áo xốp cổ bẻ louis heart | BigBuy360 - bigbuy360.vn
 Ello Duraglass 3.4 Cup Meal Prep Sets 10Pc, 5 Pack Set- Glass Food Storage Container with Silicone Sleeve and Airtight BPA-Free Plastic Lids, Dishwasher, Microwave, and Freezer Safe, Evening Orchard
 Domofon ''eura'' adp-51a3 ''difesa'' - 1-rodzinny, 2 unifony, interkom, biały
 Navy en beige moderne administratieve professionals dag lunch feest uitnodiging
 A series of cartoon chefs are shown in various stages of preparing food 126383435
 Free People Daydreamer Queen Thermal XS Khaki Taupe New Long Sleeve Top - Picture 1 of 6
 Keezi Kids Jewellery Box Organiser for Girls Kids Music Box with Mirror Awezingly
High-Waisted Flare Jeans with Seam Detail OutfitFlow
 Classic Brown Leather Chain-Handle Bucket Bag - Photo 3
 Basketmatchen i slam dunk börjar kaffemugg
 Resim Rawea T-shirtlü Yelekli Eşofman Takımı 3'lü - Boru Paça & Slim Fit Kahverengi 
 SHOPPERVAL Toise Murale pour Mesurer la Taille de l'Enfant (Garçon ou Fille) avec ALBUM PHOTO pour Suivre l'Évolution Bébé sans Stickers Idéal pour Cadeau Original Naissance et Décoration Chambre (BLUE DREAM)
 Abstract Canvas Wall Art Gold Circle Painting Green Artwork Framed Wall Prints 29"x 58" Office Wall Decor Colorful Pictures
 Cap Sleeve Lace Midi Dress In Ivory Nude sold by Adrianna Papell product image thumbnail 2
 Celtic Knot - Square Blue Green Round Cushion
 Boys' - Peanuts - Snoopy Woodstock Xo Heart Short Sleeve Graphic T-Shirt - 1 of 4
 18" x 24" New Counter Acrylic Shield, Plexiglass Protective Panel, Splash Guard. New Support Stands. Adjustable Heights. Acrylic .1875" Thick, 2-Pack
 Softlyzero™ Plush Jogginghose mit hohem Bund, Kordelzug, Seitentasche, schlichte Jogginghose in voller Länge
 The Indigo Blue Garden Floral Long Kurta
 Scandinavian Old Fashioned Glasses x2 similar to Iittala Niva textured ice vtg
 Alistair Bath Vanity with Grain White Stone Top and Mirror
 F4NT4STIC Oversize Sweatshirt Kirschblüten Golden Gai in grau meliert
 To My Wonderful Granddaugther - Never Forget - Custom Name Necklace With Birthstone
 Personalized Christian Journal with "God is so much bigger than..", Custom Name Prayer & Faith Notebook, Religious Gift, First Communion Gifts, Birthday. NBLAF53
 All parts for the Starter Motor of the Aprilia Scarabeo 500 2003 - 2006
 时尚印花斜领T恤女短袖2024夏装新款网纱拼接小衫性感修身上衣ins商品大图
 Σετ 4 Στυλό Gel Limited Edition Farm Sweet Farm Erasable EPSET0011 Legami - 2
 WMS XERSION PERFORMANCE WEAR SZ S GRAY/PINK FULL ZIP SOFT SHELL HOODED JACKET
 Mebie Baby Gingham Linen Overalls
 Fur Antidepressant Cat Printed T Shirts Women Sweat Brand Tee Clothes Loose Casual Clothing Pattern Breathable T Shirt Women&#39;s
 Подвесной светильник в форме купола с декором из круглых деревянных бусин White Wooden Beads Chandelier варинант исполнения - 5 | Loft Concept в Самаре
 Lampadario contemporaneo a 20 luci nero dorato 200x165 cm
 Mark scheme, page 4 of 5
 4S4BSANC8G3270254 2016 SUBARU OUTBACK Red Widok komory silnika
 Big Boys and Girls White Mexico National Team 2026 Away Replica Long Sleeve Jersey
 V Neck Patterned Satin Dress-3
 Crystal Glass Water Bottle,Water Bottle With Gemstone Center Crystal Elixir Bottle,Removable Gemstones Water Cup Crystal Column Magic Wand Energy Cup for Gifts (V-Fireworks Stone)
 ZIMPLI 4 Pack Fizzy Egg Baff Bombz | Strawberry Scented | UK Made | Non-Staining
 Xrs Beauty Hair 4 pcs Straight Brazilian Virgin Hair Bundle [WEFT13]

### Directions
The answer should be the complete set of records, printed exactly.

### Solution for this exercise
áo xốp cổ bẻ louis heart | BigBuy360 - bigbuy360.vn
 Ello Duraglass 3.4 Cup Meal Prep Sets 10Pc, 5 Pack Set- Glass Food Storage Container with Silicone Sleeve and Airtight BPA-Free Plastic Lids, Dishwasher, Microwave, and Freezer Safe, Evening Orchard
 Domofon ''eura'' adp-51a3 ''difesa'' - 1-rodzinny, 2 unifony, interkom, biały
 Navy en beige moderne administratieve professionals dag lunch feest uitnodiging
 A series of cartoon chefs are shown in various stages of preparing food 126383435
 Free People Daydreamer Queen Thermal XS Khaki Taupe New Long Sleeve Top - Picture 1 of 6
 Keezi Kids Jewellery Box Organiser for Girls Kids Music Box with Mirror Awezingly
High-Waisted Flare Jeans with Seam Detail OutfitFlow
 Classic Brown Leather Chain-Handle Bucket Bag - Photo 3
 Basketmatchen i slam dunk börjar kaffemugg
 Resim Rawea T-shirtlü Yelekli Eşofman Takımı 3'lü - Boru Paça & Slim Fit Kahverengi 
 SHOPPERVAL Toise Murale pour Mesurer la Taille de l'Enfant (Garçon ou Fille) avec ALBUM PHOTO pour Suivre l'Évolution Bébé sans Stickers Idéal pour Cadeau Original Naissance et Décoration Chambre (BLUE DREAM)
 Abstract Canvas Wall Art Gold Circle Painting Green Artwork Framed Wall Prints 29"x 58" Office Wall Decor Colorful Pictures
 Cap Sleeve Lace Midi Dress In Ivory Nude sold by Adrianna Papell product image thumbnail 2
 Celtic Knot - Square Blue Green Round Cushion
 Boys' - Peanuts - Snoopy Woodstock Xo Heart Short Sleeve Graphic T-Shirt - 1 of 4
 18" x 24" New Counter Acrylic Shield, Plexiglass Protective Panel, Splash Guard. New Support Stands. Adjustable Heights. Acrylic .1875" Thick, 2-Pack
 Softlyzero™ Plush Jogginghose mit hohem Bund, Kordelzug, Seitentasche, schlichte Jogginghose in voller Länge
 The Indigo Blue Garden Floral Long Kurta
 Scandinavian Old Fashioned Glasses x2 similar to Iittala Niva textured ice vtg
 Alistair Bath Vanity with Grain White Stone Top and Mirror
 F4NT4STIC Oversize Sweatshirt Kirschblüten Golden Gai in grau meliert
 To My Wonderful Granddaugther - Never Forget - Custom Name Necklace With Birthstone
 Personalized Christian Journal with "God is so much bigger than..", Custom Name Prayer & Faith Notebook, Religious Gift, First Communion Gifts, Birthday. NBLAF53
 All parts for the Starter Motor of the Aprilia Scarabeo 500 2003 - 2006
 时尚印花斜领T恤女短袖2024夏装新款网纱拼接小衫性感修身上衣ins商品大图
 Σετ 4 Στυλό Gel Limited Edition Farm Sweet Farm Erasable EPSET0011 Legami - 2
 WMS XERSION PERFORMANCE WEAR SZ S GRAY/PINK FULL ZIP SOFT SHELL HOODED JACKET
 Mebie Baby Gingham Linen Overalls
 Fur Antidepressant Cat Printed T Shirts Women Sweat Brand Tee Clothes Loose Casual Clothing Pattern Breathable T Shirt Women&#39;s
 Подвесной светильник в форме купола с декором из круглых деревянных бусин White Wooden Beads Chandelier варинант исполнения - 5 | Loft Concept в Самаре
 Lampadario contemporaneo a 20 luci nero dorato 200x165 cm
 Mark scheme, page 4 of 5
 4S4BSANC8G3270254 2016 SUBARU OUTBACK Red Widok komory silnika
 Big Boys and Girls White Mexico National Team 2026 Away Replica Long Sleeve Jersey
 V Neck Patterned Satin Dress-3
 Crystal Glass Water Bottle,Water Bottle With Gemstone Center Crystal Elixir Bottle,Removable Gemstones Water Cup Crystal Column Magic Wand Energy Cup for Gifts (V-Fireworks Stone)
 ZIMPLI 4 Pack Fizzy Egg Baff Bombz | Strawberry Scented | UK Made | Non-Staining
 Xrs Beauty Hair 4 pcs Straight Brazilian Virgin Hair Bundle [WEFT13]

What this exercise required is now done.